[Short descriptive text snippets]

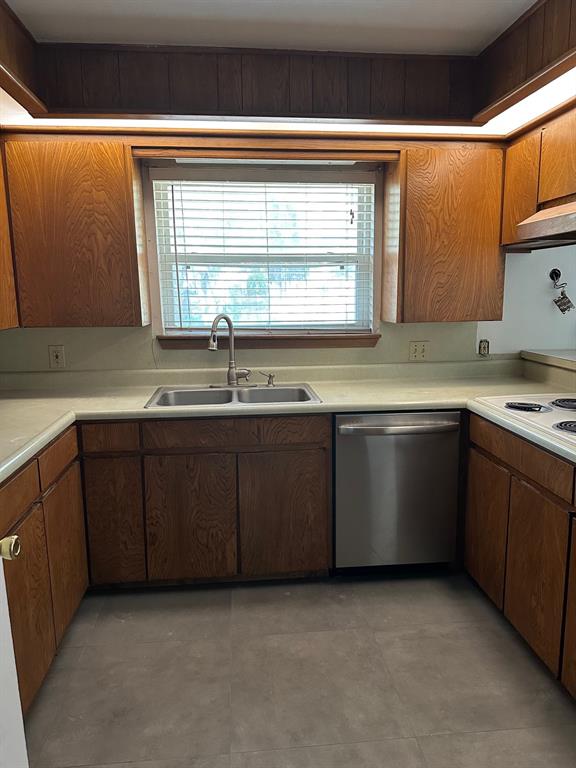 Woodland West Add - Residential Lease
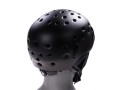 Kask męski K2 ROUTE black M - 2296247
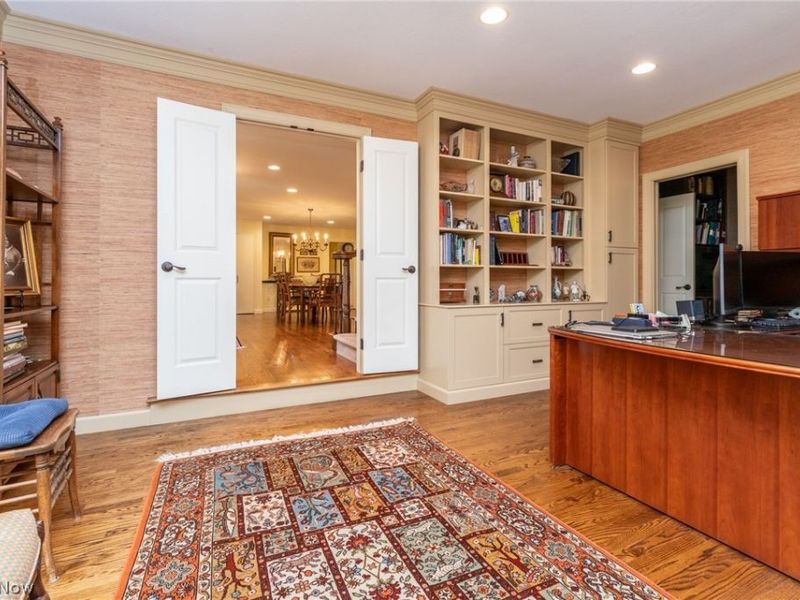 29249 Orangewood Drive, Orange, OH 44122 Photo 21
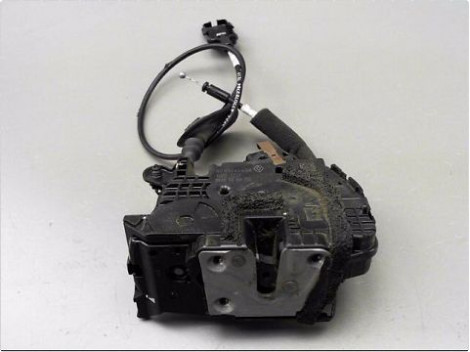 SYSTEME CONDAMNATION AVANT DROIT RENAULT CLIO IV PH2 16-20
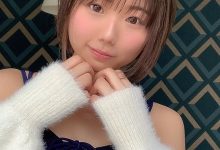 市川莉玖(市川りく)出道作品番号及封面，市川莉玖个人简介-博狗扑克 蜗牛扑克 德州扑克跟我学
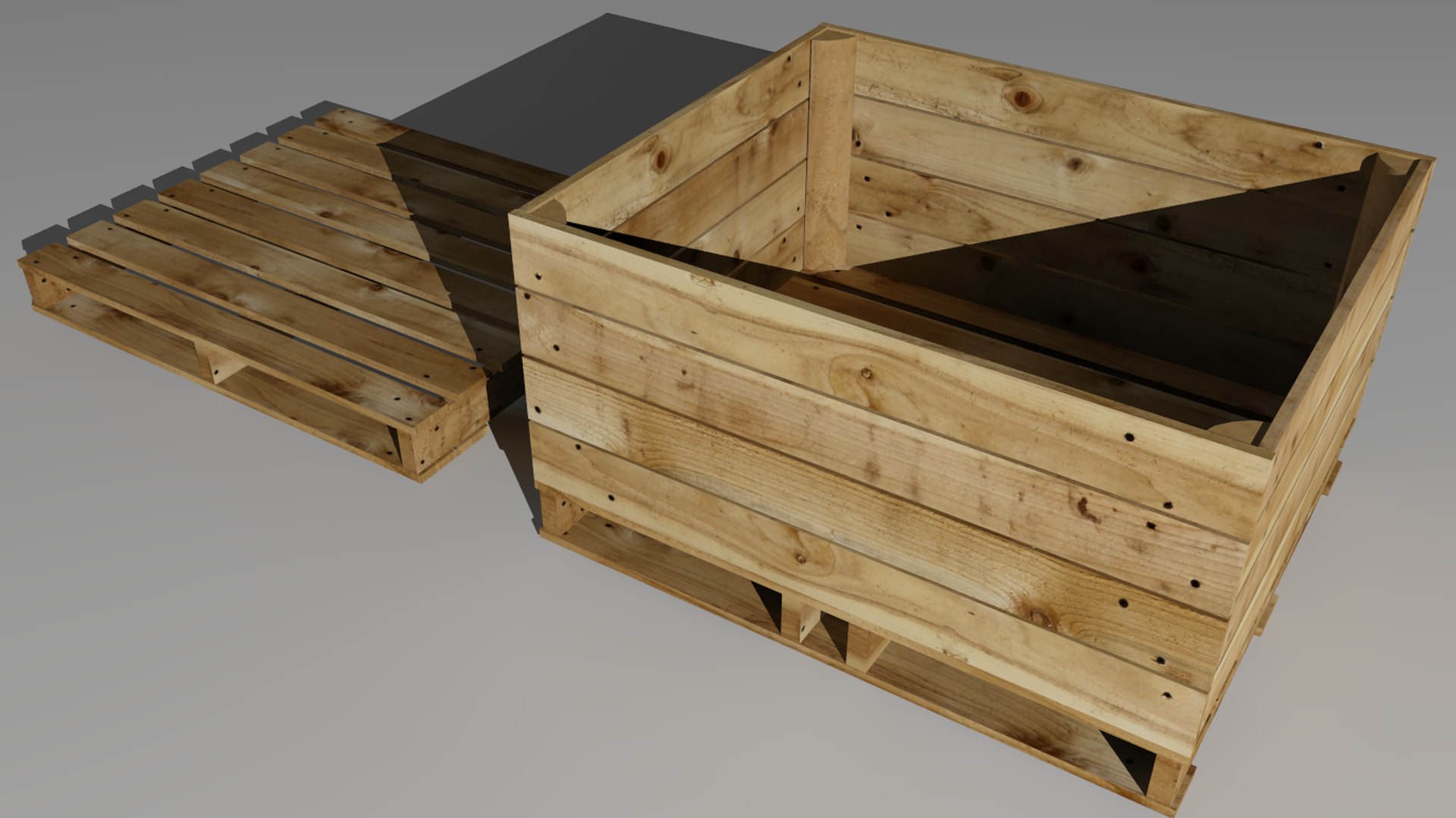 3ds pallet box https://p.turbosquid.com/ts-thumb/hC/ep3Srd/6UwHZ3mt/pallet_05/png/1472165268/1920x1080/fit_q87/9bf077b31d4cf2118e549148c2250d08c4623a0b/pallet_05.jpg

PROBLEM DESCRIPTION:
Would you please copy, exactly and only, the lines from the one with "市川莉玖(市川りく)出道作品番号及封面，市川莉玖个人简介-博狗扑克 蜗牛扑克 德州扑克跟我学" through the end of the entries above, skipping every picture?

ANSWER BOX:
 市川莉玖(市川りく)出道作品番号及封面，市川莉玖个人简介-博狗扑克 蜗牛扑克 德州扑克跟我学
 3ds pallet box https://p.turbosquid.com/ts-thumb/hC/ep3Srd/6UwHZ3mt/pallet_05/png/1472165268/1920x1080/fit_q87/9bf077b31d4cf2118e549148c2250d08c4623a0b/pallet_05.jpg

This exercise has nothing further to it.